No more wishing for your two front teeth, it seems all consumers want for Christmas (or any other day) are iPads. Recent posts have suggested that Apple has become the de facto benchmark that all other tablets are compared against, but it turns out that the truth may be that there is no comparison.
Whether you credit them with having the best device or not, Apple got everybody’s attention with the release of the iPad. The industry has responded with competition and attempts at innovation and reinvention with varying success, but the iPad remains the market leader and go-to choice for many consumers. There are viable alternatives out there, many being produced and promoted by companies with as much reputation and marketing potential as Apple, so why aren’t they showing solid gains in the race for the top spot? New theories suggest that consumers don’t want tablets. They want iPads.
A recent Bernstein Research survey indicated that consumers were not interested in devices with form factors that were unlike that found with the iPad. This discovery, along with overwhelming brand recognition and loyalty spells one option for other companies trying to compete: make yourself as similar as possible or market yourself as something else entirely.
Marco Arment speculates this may be because “there really isn’t much of a ‘tablet market’,” though I have to respectfully disagree. He’s spot on with his observation that tablets are the same cost as low-end laptops and there is no question that productivity apps are nowhere near as effective on these smaller, less powerful devices. Fact is, I believe he’s missing the point.
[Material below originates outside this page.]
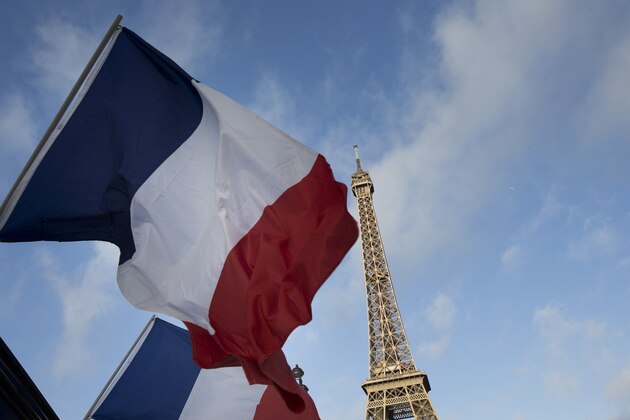 French flags fly as the closed Eiffel Tower is seen in the background on the first of three days of national mourning in Paris, Sunday, Nov. 15, 2015. The Islamic State group claimed responsibility for Friday's attacks on a stadium, a concert hall and Paris cafes that left 129 people dead and over 350 wounded, 99 of them seriously. (AP Photo/Peter Dejong)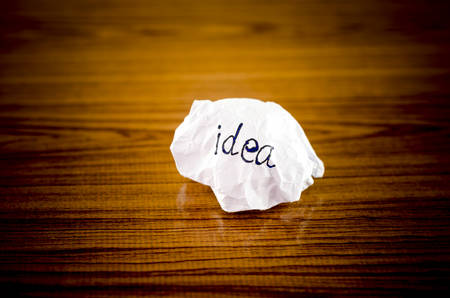 writing idea word on crumpled on wood backgroundの写真素材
I believe that a revolution has started. People are reevaluating their use of technology. Devices are becoming personal. Years ago, entire families shared a single computer where now it’s nearly a requirement for everybody to have something of their own. The tablet may not be a reasonable alternative in an office environment, but for the average home user who wants to surf the web, check their e-mail, bid on eBay and play a few rounds of Angry Birds… it’s ideal. Tablet devices are ultra portable, more durable than the average laptop and the hardware itself doesn’t become as antiquated quite as quickly. So perhaps it’s true that there hasn’t been much of a market for tablets… but I’d argue that there will be.
So right now, Apple is spearheading this movement. I say, let them. More iPads in the hands of consumers means momentum in the industry, and as this sector matures, people will be increasingly educated and able to choose alternatives if the competition continues to provide solid options.